5) For the apo TRPV2 structure, the authors state "Postprocessing yielded a 4.3Å resolution map as estimated by Rmeasure." This method of estimating resolution has not been recommended since 2012 and has been superseded by the "gold-standard" FSC 0.143 protocol as detailed by Henderson (2012) and Scheres (2012). Although it is not explicitly stated for the other structures, it is assumed this method for estimating resolution was also used. The authors should report the resolution of their structures using gold-standard FSC criterion, as recommended by the EM Validation Task Force.

6) In accordance with recommended guidelines for publishing EM structures as outlined by the EM Validation Task Force, the authors are encouraged to deposit their unfiltered half maps, unsharpened final map, and mask(s) used for refinement/resolution estimation to the Electron Microscopy Data Bank (EMDB).
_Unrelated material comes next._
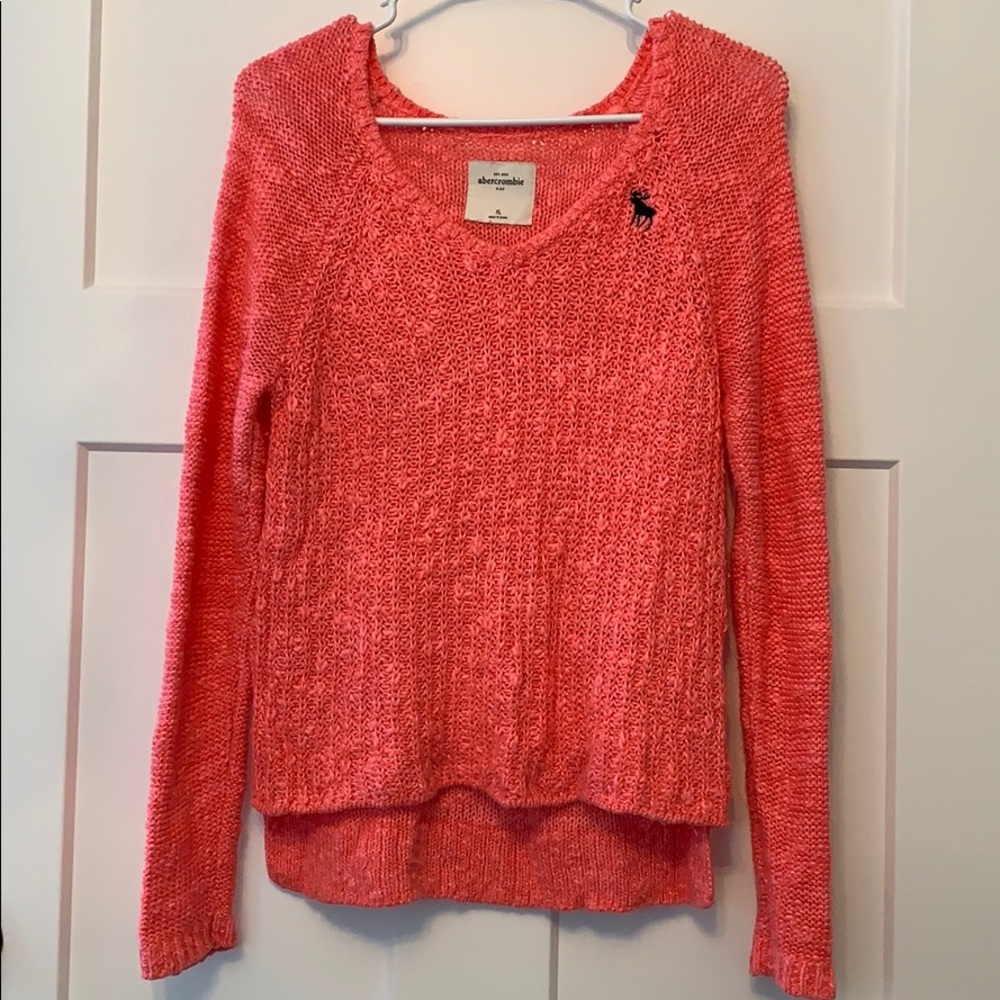 Abercrombie sweater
7) Each of the three maps discussed in this manuscript arise from different magnifications. Small errors in the pixel size calibrations for each of these magnifications can lead to an apparent "change in magnification" of the final 3D volume which can introduce small, consistent errors that can make comparisons across magnifications tenuous, especially when the extent of conformational changes, like those discussed in this manuscript, are small (i.e., <2 Å). Additionally, errors in pixel size can also lead to elevated MolProbity clashscores, like those observed for the apo TRPV2 structure, or require non-optimal refinement weights leading to unusually low (or high) bond length RMSDs. The authors are encouraged to verify the pixel size for each magnification, as implemented in Rosetta or other programs.
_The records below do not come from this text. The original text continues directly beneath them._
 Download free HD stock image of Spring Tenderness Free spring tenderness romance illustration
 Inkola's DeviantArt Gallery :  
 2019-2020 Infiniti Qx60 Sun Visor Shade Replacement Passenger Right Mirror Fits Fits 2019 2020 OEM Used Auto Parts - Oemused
8) None of the figures in this manuscript detail interactions with the hydroxyl groups of CBD but rather focus solely on the hydrophobic interactions that could stabilize the proposed binding pose of CBD. Importantly, in the CBD-nanodisc structure, the proposed CBD binding pose places the hydroxyl groups directed at the backbone atoms of Leu631 or the phenyl ring of Phe540, neither of which form favorable hydrogen bonding interactions. This raises the question of how stable was the binding pose during refinement? What are the observed clashes/non-favorable interactions within 5 Å of the modeled CBD? Additionally, it appears CBD binds in a mixed pose with different occupancies. How does CBD refine when flipped 180° about the benzyl ring plane?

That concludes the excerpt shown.